August 24, 2015 was my first official shift, and I was assigned to serving.  I discovered quickly that I was slow to adapt.  Following the serving diagrams was fairly easy, and assembling utensils was elementary, but putting everything out and making it look presentable proved to be a challenge.  Serving wasn’t wholly difficult, but my ability to present it effectively was lacking.  While I have no problem taking pride in how I present something to someone, food on a plate did not register as one of those things.  In my  mind, food hits plate and is later consumed.  My other oversight was my lack of a food palette.  I’m a ‘burgers and fries’ person who tends to hit up sports bars when he goes out, and I’m here serving tacos, burritos, different types of chicken and pork, and pasta beyond Chop Suey.  I was serving some food that I’d never heard of, nor could easily identify.

Needless to say, these deficiencies went noticed by management, and after four serving shifts without much improvement, I was moved to bussing.  I don’t want to say that I liked bussing because it was easier or more straight-forward, but it seemed to be my strength.

Bussing a cafe isn’t much different than an actual restaurant environment – you clean tables, sweep floors when they get messy, keep condiments and silverware stocked, and bring dirty dishes and trays back to the dish room for washing.  In some restaurants, bussers will leave their bins for the dishwashers to take care of, but here, bussers took care of their own.  Also, in most restaurants, you’re removing dirty dishes from a table, washing it, and returning the dirty bin to the back.  In this case, students clean up after themselves.

I had picked up a dish room shift early on, and learned the ropes of the area – at one end is someone washing and rinsing dirty dishes, and at the other was someone pulling them from the washing machine and putting them aside for return to their area.  As time went on, I learned that there was much more to the dish room area.

As time went on, I made good rapport with my supervisors, earned their trust, and showed them some promise.  Maybe it’s an age and maturity thing, but they were relieved that I was one that they didn’t have to hand-hold, or motivate.  I was also someone who had no problem jumping in to help out another area, both where I could, and where it was needed.
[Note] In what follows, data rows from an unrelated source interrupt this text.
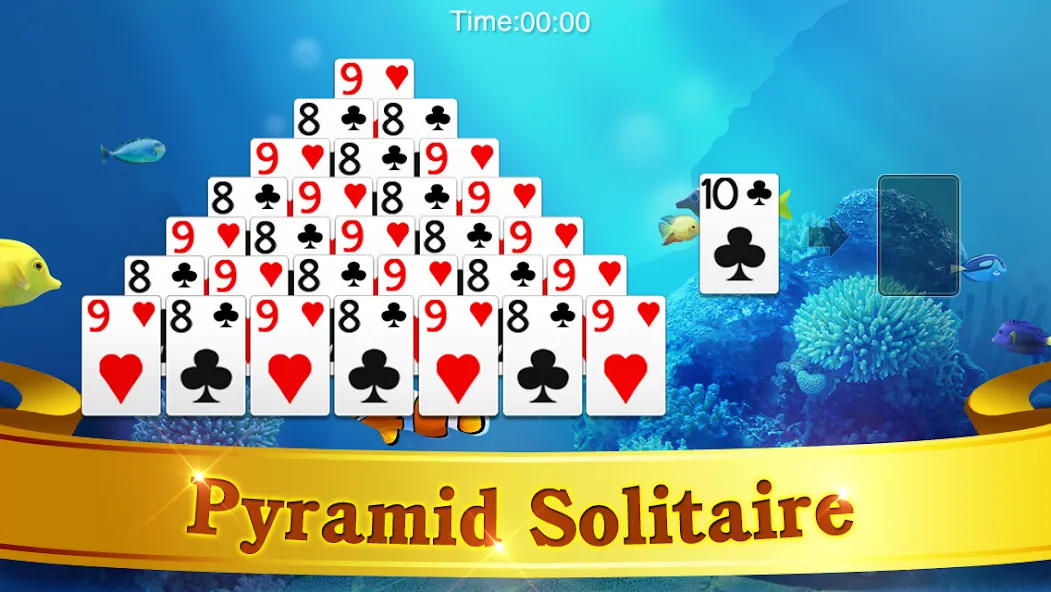 Pyramid Solitaire [MOD: безлимитные подсказки и отмены ходов] Screenshot 5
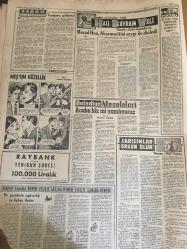 YENİ SABAH GAZETESİ   29 MAYIS 1963 YIL :26 SAYI :8695--İstanbul 'un  510 .  Fetih  Yıldönümünü Kutluyoruz ---Türk  petrolleri  için  Senato da genel görüşme açılacak --Yaralı Havacı  Albay Fehmi  Erol  Şehit Oldu---Zina Yapan Karısını  Öldürdü  ,Kanını İç ---Yaptığımızı  Gizliyoruz : Siyavuşgil ---Eşkiya avının  ilk  günü  dört  azılı  katil  yakalandı ---Almanya da çalışan  Türk  kızları  tehlikeli  ameliyatlarda  başarı sağlıyorlar :Göppingen  de  10 Türk  Hemşire ---Sinemalar : Atlas :Cinayet Var ,İnci :Hop dedik  Konak :Unutulmayan  Kahramanlar ,Lüks :Devletlerin İntikamı ,Lale :Kaldırım Melekleri , Rüya :Vampirin Sevgilisi ,Tiyatrolar : Küçük Tiyatro :Göç Komedi ,Oda : Kulaktan Kuşağa Meydan :Karaların Memedi ---1963 'te  İstanbul  da 580 milyonluk yatırım  yapılıyor --Dünya Serbest  Güreş  Şampiyonası  Cuma Günü Başlıyor  --Galatasaray  - İstanbul  Spor  Bu Gece Karşılaşıyor --Beş Atletizm  bugün  Atina da  yarışacak  ---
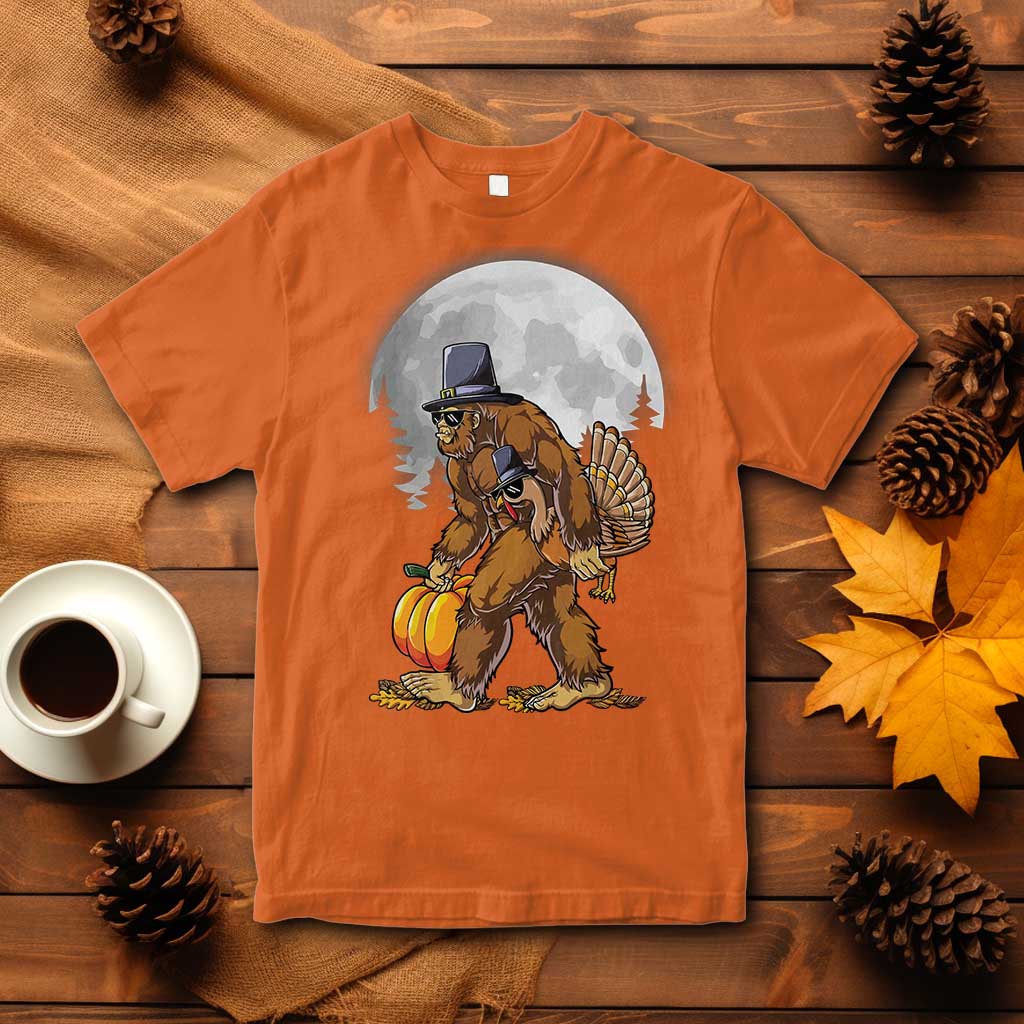 bigfoot-pilgrim-turkey-pumpkin-thanksgiving-day-t-shirt-sasquatch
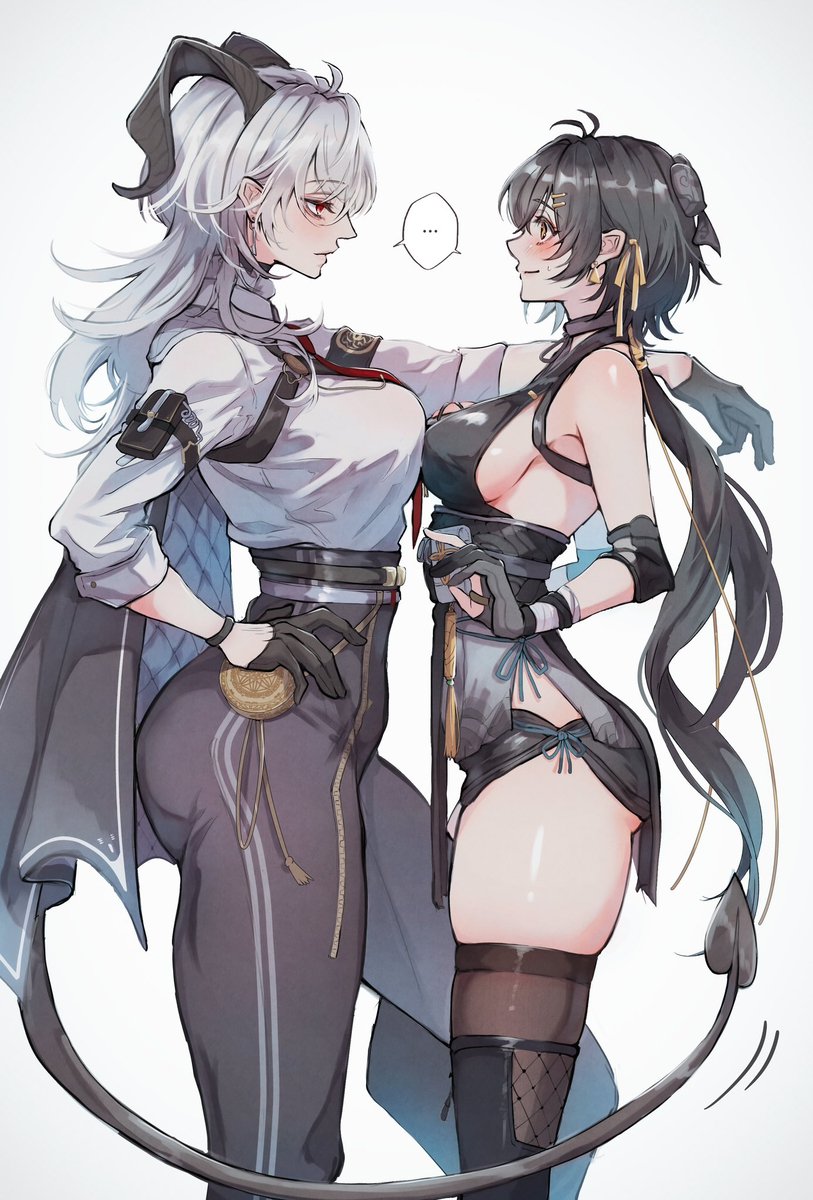 This is a pixiv picture whose title is ザンニーと漂泊者♀ちゃん.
After three weeks of doing the job, I knew that by the end of the semester, there was a strong chance I wasn’t returning – I was learning that food service was not an industry I wanted to be involved with permanently, but for twelve additional weeks, I made do.  In fact, I thought that at the end of the semester, they just laid everyone off, and then held a hiring fair at the beginning of the semester for a whole new crew, giving preference to previous hires.  As I found out today, they do ask if you intend to return, and if you do, they keep you on file for return; if you do like I did, you hand in your ID badge, shirts, hats, and shake hands on the way out.

Some learning experiences during that fifteen weeks:

  • I was the only Political Science major.
  • Young college students can be both messy and many of today’s youth never learned the concept of pushing in a chair.
  • Interacting with a young kid who was easily offended by someone disagreeing with him.
  • Don’t let non-supervisory coworkers be the boss of you, but don’t get too confrontational over it.
  • That people will wear headphones while walking and will intentionally bump into you simply because you didn’t move out of the way.
  • After loading a napkin dispenser, a student actually opened the dispenser, took one pack of napkins, used maybe one-third of the pack and left the remaining out in a mess.  Keep in mind that the other two-thirds of that pack had to be discarded.
  • Students have no problem carrying on a Skype conversation from their laptop or tablet while eating.
  • Ten students will crowd around a table designed for no more four or five, all with their trays.

Overall, it was a decent part-time job.  I worked three days a week, every other weekend, never had to take time off or switch shifts, and it gave me some extra spending money.  It also earned me a professional reference for future jobs.  It also gave me some exposure to working in the food service industry, something I’d never done before.